Marx im Westen: Die neue
Marx-Lektüre in der Bundesrepublik seit 1965 Gebundene Ausgabe – 6. Oktober
2008
von Ingo Elbe (Autor)
Über Jahrzehnte
beanspruchten die komplementären Diskurse des östlichen partei-, später
staatsoffiziellen Marxismus sowie des westlichen Antikommunismus die nahezu
uneingeschränkte Definitionsmacht über das, was gemeinhin als ‚Marxsche
Theorie’ oder ‚wissenschaftlicher Sozialismus’ galt. Dagegen machte sich ab
Mitte der 1960er Jahre eine neue Lektüre-Bewegung vor allem in der
Bundesrepublik daran, die originellen wissenschaftlichen Gehalte des Marxschen
Denkens zu entdecken. Der Rezeptionsschutt der vorangegangenen 100 Jahre sollte
weggeräumt werden, um für die Rekonstruktion einer kritischen
Gesellschaftstheorie mit einem innovativen Methoden- und Gegenstandsverständnis
Platz zu schaffen.
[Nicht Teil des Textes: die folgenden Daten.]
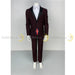 Soul of London® - Soul of London® Kids Burgundy Tuxedo with Black overlay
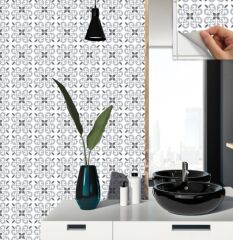FAYANS ÜSTÜ PVC KAPLAMA 30 X 30   GEOMETRİK - 043 DESENLİ - 337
Das Buch vergegenwärtigt die Quellen, Geschichte und
Resultate dieses neuen Diskussionskontexts. Drei Stränge der Debatte werden
näher beleuchtet: die methodologische und werttheoretische Grundlagenforschung,
die Staatsableitung sowie die Untersuchung der revolutionstheoretischen
Implikationen der Kritik der politischen Ökonomie. Dabei wird gezeigt, dass in
einem noch keineswegs abgeschlossenen Forschungsprozess die Umrisse einer bei
Marx angelegten Theorie erkennbar werden, die wichtige Impulse zum Verständnis
der modernen Reichtums- und Herrschaftsformen geben kann und in vielem geradezu
das Gegenteil von dem zeigt, was man von Marx in marxistischen wie
nicht-marxistischen Kreisen zu wissen glaubte.